MAPLE-PECAN BOURBON BALLS



Maple-Pecan Bourbon Balls image

The bourbon ball was created in 1938 by Ruth Hanly Booe, a former Kentucky school teacher turned candy maker. The creamy original was whisky-spiked, covered with chocolate and topped with a pecan. Modern-day versions, like this one, are simpler to put together: Vanilla wafers, toasted pecans, cocoa powder, confectioners' sugar and bourbon are combined in a food processor, rolled into balls and dunked in melted chocolate or rolled in confectioners' sugar. Ours also includes a bit of maple syrup for added depth.

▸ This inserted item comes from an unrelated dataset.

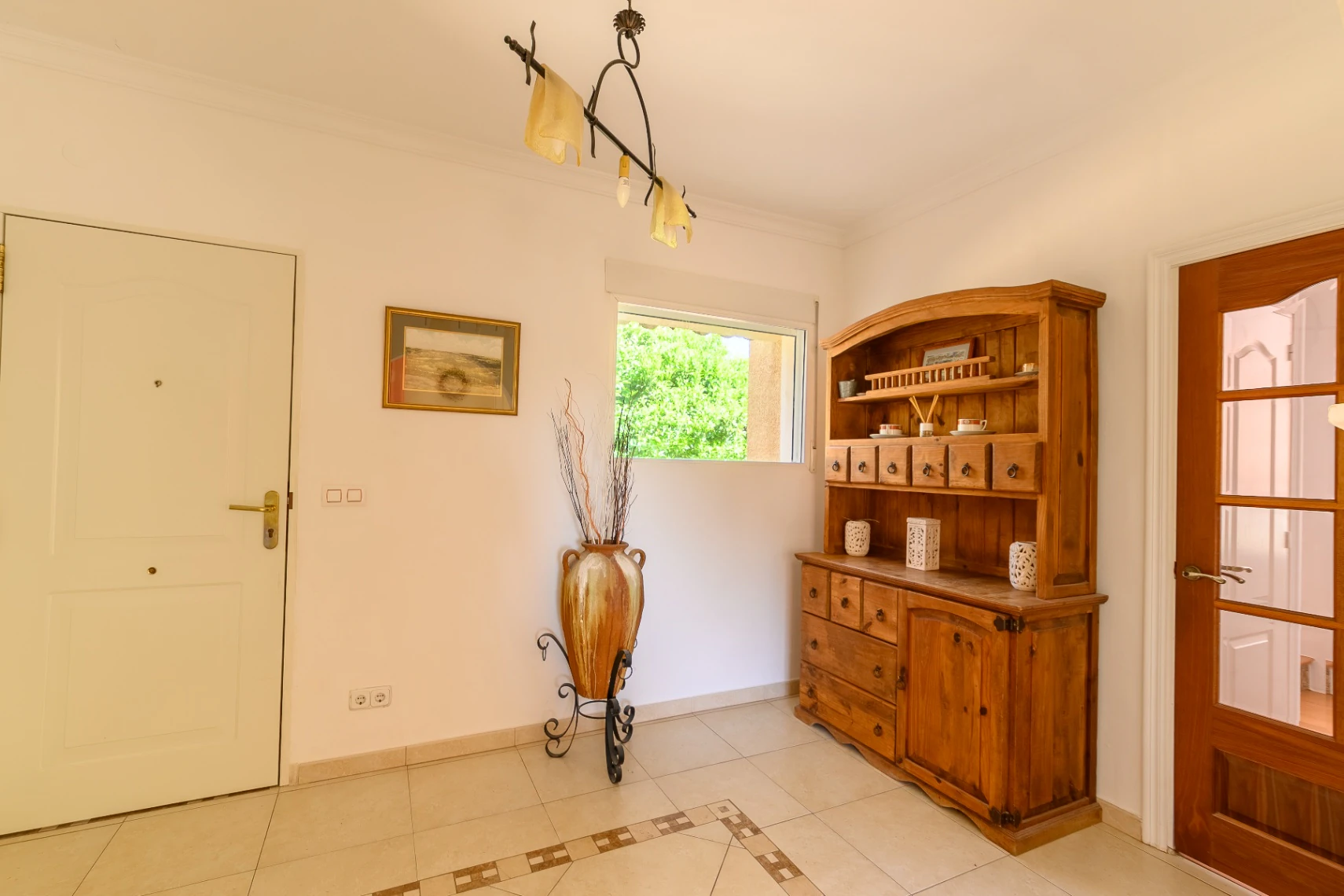 Luxusvilla zu verkaufen in Benissa Costa, 600 m zum Strand La Fustera, Meerblick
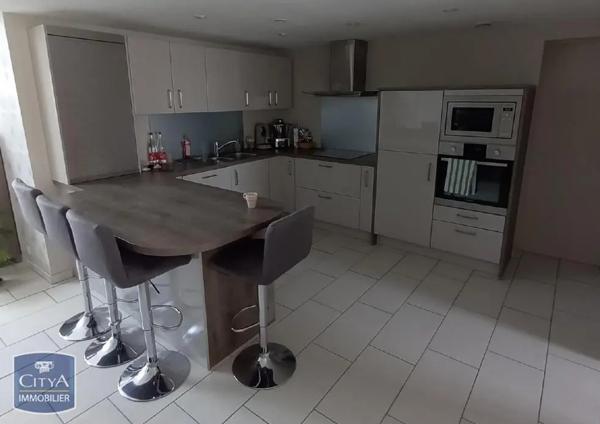 Maison à louer 5 pièces 137m²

Bar chocolate, as opposed to chocolate chips, works much better for enrobing candies because chocolate chips have less cocoa butter and become too thick to coat evenly when melted.

Provided by Samantha Seneviratne

Categories     candies, dessert

Time 45m

Yield About 2 1/2 dozen

Number Of Ingredients 9

8 ounces/225 grams vanilla wafers
1 1/4 cups/125 grams pecan halves, toasted
6 tablespoons/90 milliliters maple syrup
1/3 cup/30 grams cocoa powder
1/4 cup/60 milliliters bourbon
1 teaspoon pure vanilla extract
1/2 teaspoon kosher salt
1/3 cup/40 grams confectioners' sugar, plus about 1/4 cup/30 grams for coating (optional)
1 1/2 cups/255 grams chopped semisweet chocolate (not chips)

Steps:

  • In the bowl of a food processor, combine the vanilla wafers and pecans and process until fine crumbs form. Add the maple syrup, cocoa, bourbon, vanilla, salt and 1/3 cup confectioners' sugar and process until completely combined and the mixture holds together when shaped into a ball.
  • Portion the dough into 1 tablespoon scoops and transfer them to a parchment-lined baking sheet. Once all the dough is portioned, roll the scoops into neat balls.
  • Melt the chocolate over a double boiler on the stove or in short bursts in the microwave. Using two forks, dip each ball into the melted chocolate, and rotate to cover completely in chocolate coating. Tap each of the covered balls over the edge of the bowl to release excess chocolate and transfer to the prepared sheet. Alternatively, roll the uncoated balls in the 1/4 cup confectioners' sugar until coated.
  • Transfer the sheet to the fridge to set for at least 20 minutes. Store in an airtight container in the fridge for up to one week.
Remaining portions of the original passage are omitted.